Ten cuidado con los adoquines que pueden ser irregulares en algunos lugares; le dan un cierto carácter a las calles, pero pueden ser complicados bajo los pies. El tráfico puede ser pesado, especialmente en Friedrichstraße, así que ten precaución al cruzar. También es bueno estar alerta a los carteristas en áreas concurridas, particularmente alrededor de las tiendas y restaurantes. La mayoría de los lugares aceptan tarjetas de crédito, pero es prudente tener algo de efectivo a mano para los vendedores más pequeños.
Asegúrate de usar zapatos cómodos, ya que caminarás casi 4 kilómetros, y lleva una botella de agua para mantenerte hidratado. Dependiendo de la temporada, puede ser necesario un abrigo ligero para los días más frescos, mientras que el protector solar es esencial durante los paseos de verano. Comenzar temprano en el día puede ayudarte a evitar el calor y las multitudes.
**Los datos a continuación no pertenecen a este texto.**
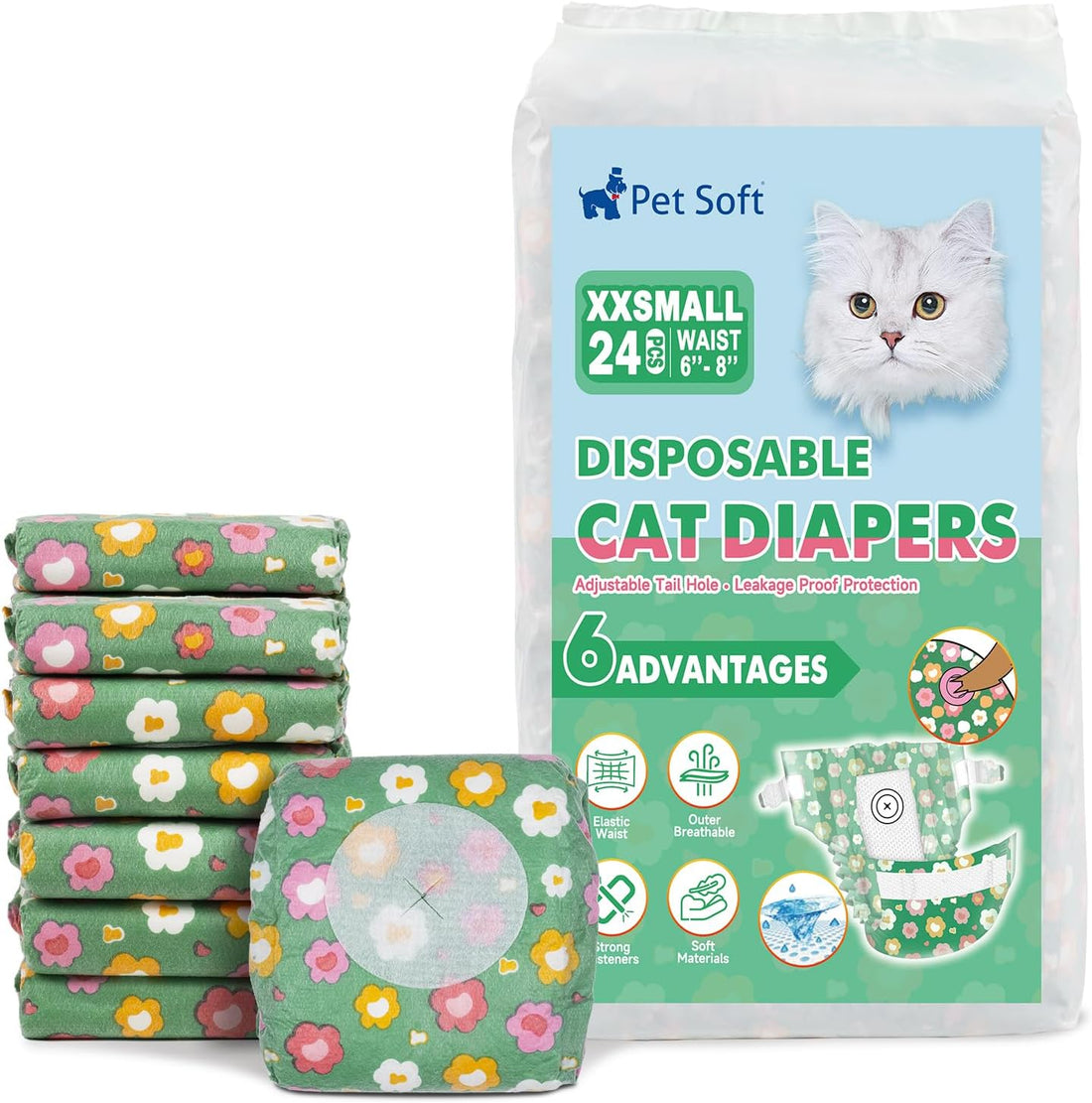 Pet Soft Disposable Cat Diapers - Diaper for Female & Male Cats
El mejor momento llega cuando te acercas al Jardín Zoológico de Berlín. Justo antes de llegar a la entrada, puedes escuchar los lejanos llamados de los animales y la charla de niños encantados. El aroma de las palomitas frescas de un vendedor cercano flota en el aire, mezclándose con el aroma terroso de los árboles cercanos. No puedes evitar sonreír mientras contemplas la escena, sintiendo la energía de la ciudad a tu alrededor.